Work request => The line that contains "(3 pack) Dongwon" marks the end: retype the data below exactly from its first line through that line.

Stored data
⁂
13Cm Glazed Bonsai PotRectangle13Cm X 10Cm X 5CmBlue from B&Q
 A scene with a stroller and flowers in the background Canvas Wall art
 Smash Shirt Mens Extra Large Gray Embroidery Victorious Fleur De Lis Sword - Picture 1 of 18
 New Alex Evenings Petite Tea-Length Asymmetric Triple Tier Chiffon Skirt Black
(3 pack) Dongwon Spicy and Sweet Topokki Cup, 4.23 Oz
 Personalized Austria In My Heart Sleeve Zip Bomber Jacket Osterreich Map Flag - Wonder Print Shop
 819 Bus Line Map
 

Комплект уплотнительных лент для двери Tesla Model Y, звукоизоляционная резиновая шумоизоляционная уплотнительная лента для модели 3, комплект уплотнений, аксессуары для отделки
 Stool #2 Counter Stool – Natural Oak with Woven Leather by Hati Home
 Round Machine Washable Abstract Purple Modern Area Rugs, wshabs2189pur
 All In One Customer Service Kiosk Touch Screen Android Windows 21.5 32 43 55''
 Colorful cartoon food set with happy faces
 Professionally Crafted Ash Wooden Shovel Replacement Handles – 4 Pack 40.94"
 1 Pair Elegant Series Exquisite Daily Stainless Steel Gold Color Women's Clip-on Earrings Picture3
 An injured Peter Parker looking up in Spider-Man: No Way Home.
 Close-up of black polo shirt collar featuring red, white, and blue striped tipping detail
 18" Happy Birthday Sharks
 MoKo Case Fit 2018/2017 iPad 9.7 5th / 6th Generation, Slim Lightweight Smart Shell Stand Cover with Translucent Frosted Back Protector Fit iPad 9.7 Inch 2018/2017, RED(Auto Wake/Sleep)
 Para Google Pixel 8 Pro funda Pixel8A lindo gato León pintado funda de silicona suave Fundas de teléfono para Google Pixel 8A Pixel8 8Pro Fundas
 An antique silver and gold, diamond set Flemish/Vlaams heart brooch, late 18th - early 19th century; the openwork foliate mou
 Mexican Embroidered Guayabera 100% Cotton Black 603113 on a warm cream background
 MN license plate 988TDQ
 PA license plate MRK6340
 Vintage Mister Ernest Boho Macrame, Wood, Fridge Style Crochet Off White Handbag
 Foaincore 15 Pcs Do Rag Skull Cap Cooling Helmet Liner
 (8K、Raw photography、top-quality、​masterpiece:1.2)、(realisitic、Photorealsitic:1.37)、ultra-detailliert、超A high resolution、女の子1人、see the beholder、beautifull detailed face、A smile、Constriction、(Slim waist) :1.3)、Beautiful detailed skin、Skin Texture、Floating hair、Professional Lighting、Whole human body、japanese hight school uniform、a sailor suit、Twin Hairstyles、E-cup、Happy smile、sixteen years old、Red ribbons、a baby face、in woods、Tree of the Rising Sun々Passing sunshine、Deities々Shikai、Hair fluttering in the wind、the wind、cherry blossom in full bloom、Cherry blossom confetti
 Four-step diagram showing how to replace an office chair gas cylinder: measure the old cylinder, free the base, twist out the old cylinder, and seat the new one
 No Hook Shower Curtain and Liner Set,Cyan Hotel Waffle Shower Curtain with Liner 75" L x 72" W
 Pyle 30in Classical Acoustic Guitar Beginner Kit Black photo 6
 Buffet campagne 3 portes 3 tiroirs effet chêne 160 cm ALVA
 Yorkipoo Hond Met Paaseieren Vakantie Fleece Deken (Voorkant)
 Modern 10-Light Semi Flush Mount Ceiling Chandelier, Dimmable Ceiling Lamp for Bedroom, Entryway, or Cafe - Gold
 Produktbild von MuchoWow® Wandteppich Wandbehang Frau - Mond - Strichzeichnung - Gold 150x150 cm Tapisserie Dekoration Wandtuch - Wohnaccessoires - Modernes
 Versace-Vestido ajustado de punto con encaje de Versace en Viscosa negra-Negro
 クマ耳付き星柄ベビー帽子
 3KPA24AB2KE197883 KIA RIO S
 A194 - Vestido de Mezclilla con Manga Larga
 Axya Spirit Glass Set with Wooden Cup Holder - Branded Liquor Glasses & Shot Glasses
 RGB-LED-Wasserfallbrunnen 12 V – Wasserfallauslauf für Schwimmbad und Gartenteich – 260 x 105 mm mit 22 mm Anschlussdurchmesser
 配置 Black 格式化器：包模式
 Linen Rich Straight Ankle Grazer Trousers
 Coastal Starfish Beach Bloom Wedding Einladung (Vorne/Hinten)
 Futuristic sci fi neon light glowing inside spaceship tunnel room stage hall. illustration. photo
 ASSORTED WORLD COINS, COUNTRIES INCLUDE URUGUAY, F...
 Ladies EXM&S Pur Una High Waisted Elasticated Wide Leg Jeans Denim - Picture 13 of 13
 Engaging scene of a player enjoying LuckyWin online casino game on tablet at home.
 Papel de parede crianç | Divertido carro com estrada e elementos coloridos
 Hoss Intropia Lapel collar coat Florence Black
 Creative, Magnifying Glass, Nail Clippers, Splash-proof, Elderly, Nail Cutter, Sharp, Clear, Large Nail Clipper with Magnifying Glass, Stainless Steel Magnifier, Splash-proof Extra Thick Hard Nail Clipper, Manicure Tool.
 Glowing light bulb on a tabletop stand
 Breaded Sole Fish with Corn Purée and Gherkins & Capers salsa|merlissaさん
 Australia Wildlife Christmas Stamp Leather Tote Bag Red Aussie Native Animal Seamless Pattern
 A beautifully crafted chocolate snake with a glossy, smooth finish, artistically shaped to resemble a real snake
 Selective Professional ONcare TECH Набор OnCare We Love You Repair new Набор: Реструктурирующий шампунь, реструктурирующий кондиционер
⁂
Solution for this exercise =>
13Cm Glazed Bonsai PotRectangle13Cm X 10Cm X 5CmBlue from B&Q
 A scene with a stroller and flowers in the background Canvas Wall art
 Smash Shirt Mens Extra Large Gray Embroidery Victorious Fleur De Lis Sword - Picture 1 of 18
 New Alex Evenings Petite Tea-Length Asymmetric Triple Tier Chiffon Skirt Black
(3 pack) Dongwon Spicy and Sweet Topokki Cup, 4.23 Oz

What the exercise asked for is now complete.